やはり上野千鶴子さんは闘う活動家
2024-02-29


 文春オンラインに、フェミニズムの上野千鶴子さんの記事が出ました。 見出しは「『言葉を失いました』10代女性を相手に講義をしたところ…東京大学名誉教授・上野千鶴子がかけられた“衝撃の言葉”」です。 [URL]   [URL]

 このなかで彼女は次のように語っておられます。

さらに、衝撃的な体験を語ってくれた。

「このあいだ、10代の女の子たちを相手に講義をする機会があって、いつものように日本女性を取り巻くデータを淡々と見せて話したら、そのうちの1人から『上野さんの講義を聞いて、私たちが出ていく世の中が、まっくらなんだってよくわかりました』と言われて。言葉を失いました」

苛立ちや怒りも隠さない。

「当然、書名(上野著『こんな世の中に誰がした?』)そのままの言葉で詰め寄りたい気持ちはありますよ。社会や会社の上のほうにいる、既得権益にまみれたおじさんたちに」

ただ、もはや彼らにばかり問題を押し付ければ済む段階ではないともいう。

「今の社会をつくってきた大人の“あなた”の責任を果たしてください、と言いたいんです。傍観してきたあなたにも責任があります。だって、10代の女子に、自分が出ていく社会はまっくらだ、なんて言わせていいと思いますか? 彼らの未来が明るくなるように、あなたが果たすべき責任は何か。考えて行動してほしいですね」

 上野さんの本はかつてちょっと読んだことがあって、その時は活動家だという印象を持ちました。 そしてこの一文を読んで、やはり彼女は差別と闘う活動家だと改めて感じました。 
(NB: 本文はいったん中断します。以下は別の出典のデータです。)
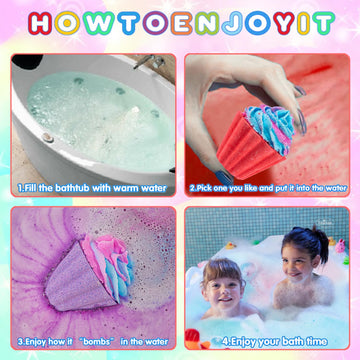 kims cosiart bombas baño colores brillantes, burbujas grandes para la hora del baño.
 上野さんは社会における女性差別の現状を講義したところ、10代の女性から「私たちが出ていく世の中が真っ暗なんだってよく分かりました」と答えられて、「言葉を失う」ほどの衝撃を受けたそうです。 そして上野さんは、10代の女の子がこんなことを言うのは「既得権益にまみれたおじさんたち」 「今の社会をつくってきた大人のあなた(すべての男ども)」 「傍観してきたあなた」の責任だと言って、世の男性たち、特に政治経済を牛耳るエリートたちを追及しているようです。

 自分の講義を聞いた人が自分の意に反する反応をしたら、普通は“講義の内容に何か誤解を招くようなことあったのだろうか”とか、“どのような発言をすればこちらの意を理解してもらえるのだろうか”とかいうような自省から始めるものだと思うのですが、上野さんはそうではありません。 社会は女性差別に満ちていると講義で訴えたのに、肝心の若い女性から“私たちはそんな恐ろしい社会に出ないといけないのか”と反応したことに驚き、女性にそんなことを言わせるような差別社会が一番悪いのだ、という風に話を展開するのでした。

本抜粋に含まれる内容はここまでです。